Platte Island Resort and Villas Ltd v EME Management Services Ltd (Civil Side: CC 3/2013)  SCSC 50 (13 May 2013);
Platte Island Resort v EME Management Services
(2013) SLR 225
13 May 2013 CS 3/2013
Counsel F Elizabeth for the plaintiff
B Hoareau for the defendant
 This is a ruling on a plea in limine litis. I have already given a judgment on the contract between these parties. That judgment was given in an earlier case, Commercial Cause No 25 of 2012, filed by the same plaintiff. In that case the plaintiff’s argument presumed the existence and enforceability of the contract. It was seeking judicial amendment of a particular provision. In this second case the plaintiff seeks to argue that the whole contract is null and void and incapable of enforcement. Can this conduct be tolerated by the Court?

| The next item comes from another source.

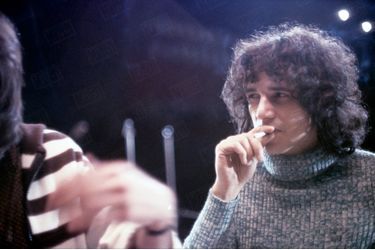 Julien Clerc en tournée en France, en mars 1972. 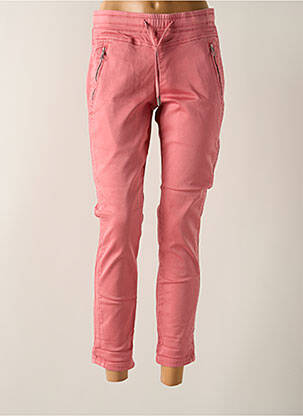 Pantalon 7/8 elasticitate mărime normală roz RED BUTTON femeie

 The timeline of events leaves no doubt that this plaintiff made a deliberate choice to pursue multiple proceedings. The first case was filed on 10 October 2012. The second case (this case) was filed on 22 January 2013, only three months later. The first case was heard on the morning of 18 February 2013. The second case came up for first appearance that afternoon. Mr Elizabeth, counsel for the plaintiff in both cases, freely conceded that the subject-matter was the same. He suggested orally that the cases could be consolidated and heard together. It was, literally, too late in the day for such a suggestion. Mr Elizabeth was then prompted by the Court to seek leave to withdraw the second case. But he had clear instructions to pursue it.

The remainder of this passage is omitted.